Önce bunu bil, bunu anla. Karanlık yağar bazen yağmur insana. Karanlık güller bırakır kapına bir yabancı. Karanlıktır çiftleşen bir martının yüreği. Karanlıktır ölümü gözleyen kimse; eğer senin bakışların karanlıksa. Yani bugün, sana anlattığım sözlerde, karanlık yağmurlardan uyanıyorum bunu bilmelisin.
Damarlarımda nal sesleri yalnızlığa oynayan atlar… Bir bebeğin biberonu emmesi gibi soğuk ve narin. Cümlelerin tekmile geldiği andayım. Kimse yok ve gece karanlık. Çökmüş bir ruhun prangaya vuruluşunu izliyorum duvarda. Gözlerimde bir oyuk. Saçımın teline kıvamlanmış vakit. Ustura ağzındayım. Ne yana hareket etsem kement atacağım acının boynuna. Bu yüzden istemiyorum kromozomları. Aşırı hissiyat boğuyor yüreğimin ucundaki fidanları. Sonra birisi şöyle diyor; Onu kendi haline bırakınız. Oldum olası yaşayabildiğini görmedim onun…

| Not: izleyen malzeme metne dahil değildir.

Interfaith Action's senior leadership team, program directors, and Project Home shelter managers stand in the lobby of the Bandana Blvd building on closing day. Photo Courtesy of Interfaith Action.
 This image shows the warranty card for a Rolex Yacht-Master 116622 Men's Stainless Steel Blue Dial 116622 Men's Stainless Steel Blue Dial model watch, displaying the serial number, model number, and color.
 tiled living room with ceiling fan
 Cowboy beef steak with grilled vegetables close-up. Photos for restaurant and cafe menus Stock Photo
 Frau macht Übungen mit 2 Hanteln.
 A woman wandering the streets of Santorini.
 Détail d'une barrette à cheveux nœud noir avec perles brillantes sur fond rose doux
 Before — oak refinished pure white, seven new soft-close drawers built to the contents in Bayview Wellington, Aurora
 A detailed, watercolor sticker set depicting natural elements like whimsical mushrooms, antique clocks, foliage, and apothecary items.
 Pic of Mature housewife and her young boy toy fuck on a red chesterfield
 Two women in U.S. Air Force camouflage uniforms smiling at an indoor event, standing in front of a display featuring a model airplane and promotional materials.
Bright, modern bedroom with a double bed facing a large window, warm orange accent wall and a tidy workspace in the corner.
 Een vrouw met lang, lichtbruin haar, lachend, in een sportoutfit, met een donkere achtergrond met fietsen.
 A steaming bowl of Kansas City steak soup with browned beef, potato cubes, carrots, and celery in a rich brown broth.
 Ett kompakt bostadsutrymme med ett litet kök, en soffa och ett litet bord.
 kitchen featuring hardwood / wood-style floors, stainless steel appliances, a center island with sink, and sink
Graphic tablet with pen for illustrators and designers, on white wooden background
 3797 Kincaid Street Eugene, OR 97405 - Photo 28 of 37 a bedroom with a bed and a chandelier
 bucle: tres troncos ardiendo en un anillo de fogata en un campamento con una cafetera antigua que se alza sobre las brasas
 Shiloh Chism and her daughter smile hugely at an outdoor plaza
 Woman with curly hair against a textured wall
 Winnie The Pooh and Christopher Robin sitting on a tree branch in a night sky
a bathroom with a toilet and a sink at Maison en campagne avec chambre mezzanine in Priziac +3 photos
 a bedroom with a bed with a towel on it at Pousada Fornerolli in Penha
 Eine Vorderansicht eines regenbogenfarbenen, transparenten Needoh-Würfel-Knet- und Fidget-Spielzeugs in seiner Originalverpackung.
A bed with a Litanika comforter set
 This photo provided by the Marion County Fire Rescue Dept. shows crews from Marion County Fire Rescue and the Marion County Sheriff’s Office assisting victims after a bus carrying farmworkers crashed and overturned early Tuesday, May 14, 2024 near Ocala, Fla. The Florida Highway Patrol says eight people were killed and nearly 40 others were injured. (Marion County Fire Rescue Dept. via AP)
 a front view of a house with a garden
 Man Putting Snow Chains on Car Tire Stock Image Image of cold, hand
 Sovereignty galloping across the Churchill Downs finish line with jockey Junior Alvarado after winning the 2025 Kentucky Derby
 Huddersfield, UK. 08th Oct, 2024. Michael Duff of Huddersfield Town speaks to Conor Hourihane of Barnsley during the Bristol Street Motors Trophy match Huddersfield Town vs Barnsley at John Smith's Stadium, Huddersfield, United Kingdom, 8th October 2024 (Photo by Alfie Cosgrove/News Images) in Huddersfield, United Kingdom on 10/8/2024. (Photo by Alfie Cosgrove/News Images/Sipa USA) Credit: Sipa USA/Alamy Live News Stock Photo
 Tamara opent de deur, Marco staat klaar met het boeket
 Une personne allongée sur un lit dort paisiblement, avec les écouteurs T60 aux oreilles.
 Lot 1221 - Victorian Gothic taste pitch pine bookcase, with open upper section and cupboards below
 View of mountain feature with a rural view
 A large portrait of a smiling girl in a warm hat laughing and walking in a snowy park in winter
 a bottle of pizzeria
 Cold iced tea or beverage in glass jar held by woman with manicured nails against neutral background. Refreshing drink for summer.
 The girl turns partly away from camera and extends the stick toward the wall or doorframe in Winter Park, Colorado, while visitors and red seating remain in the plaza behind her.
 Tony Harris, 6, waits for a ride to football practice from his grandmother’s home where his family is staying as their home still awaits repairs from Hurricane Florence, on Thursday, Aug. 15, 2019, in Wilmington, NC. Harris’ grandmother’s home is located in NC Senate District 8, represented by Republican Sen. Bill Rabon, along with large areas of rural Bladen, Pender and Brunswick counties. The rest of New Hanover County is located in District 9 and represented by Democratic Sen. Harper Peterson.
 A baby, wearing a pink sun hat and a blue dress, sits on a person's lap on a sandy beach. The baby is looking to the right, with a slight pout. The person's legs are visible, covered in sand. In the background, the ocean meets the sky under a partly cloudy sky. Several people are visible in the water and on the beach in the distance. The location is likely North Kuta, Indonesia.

Oldum olası yaşayabildiğini görmedim onun. Oldum olası gözlerinde bir faşistlik. Sanki almıyor kimseyi kendisinden içeri. Zaten kimi alsa ki? Hem de böyle bir zamanda; herkesin birbirine oyunlar çevirdiği, kimin, kimin arkasından konuştuğunun belli olmadığı zamanda. Gece oldu diye gözlerimde bir yaş birikintisi. Ben gecenin üstüme birikmesiyle ağlıyorum ya üstüne bombaların biriktiği çocuklar… Dünya ne garip değil mi? Birinin korkusu ağlamak sessizce, diğerinin geceye boyun eğmek ve yalnız kalmak, diğerininse bir aile boyu hayata bombalarla elveda etmek… Boynumda asılı duran karanfili alsana diyor biri, boynumda asılı duran karanfili…
Ne kadar garip değil mi, bir çocuğun elinde yağmurla değil de denizle dolaşması. Ne kadar garip değil mi, bir çocuğun elit modellerinden konuşurken yurdumun aksanında, bir diğerinin yarın hangi ebeveyninin öleceğini konuşması… Yalnızlığıma isyan ediyordum şu dört duvar arasında. Öleceğimin korkusuyla ya da sevinciyle, sessizliğin ve bilinmezliğin esrikliğine isyan ediyordum. Ne kadar garip değil mi bu acıyla, o acıların yer tutmaması…
İsyan ediyordum gece şehrayin. İsyan ediyordum şarkılardan agora meyhanesi. Dilim Tebbet nöbeti. Issız bir dua akıyor yamaçlarımdan. Haznemde tercümesi olmayan cümleler. Gölgesindeyim hala kendim olmanın, kendim olabilmenin. Ah, insanlar ölüyorlar dışarıda, gariban masumlar. Ellerinde tüfekleri değil taşları olan kızlar. Kızlar ölünce ben de ölüyorum çünkü kadınlar… Yüreği masumluklarıyla dolu dünyanın, korkularıyla bombaların, eşlerinin ölüsü karşısında siperlenen kadınlar… Bir isyanda mı kaldı zannediyorsun benim duygulanma nöbetim? Yalnızca Allah’a mı isyan edilir senin lügatinde? Yalnızca yaratıldı diye kul, yaratıcıya mı küfretmeli? Ben bugün isyandayım ve dilimde başka insanların birikintisi. Nerede şimdi ümmetin tek bir kulunun cehenneme girmemesi için; “Allah’ım, beni o kadar büyüt ki, ümmetten başka kimseye yer kalmasın” diyenler… Oysa artık ölsek bile, televizyonda haberlerimizi izleyip “yazık olmuş” diyor insanlar. Yazık olmuşsa bile yüreği sızlamayanlara olmuş, yoksa ölenlere değil.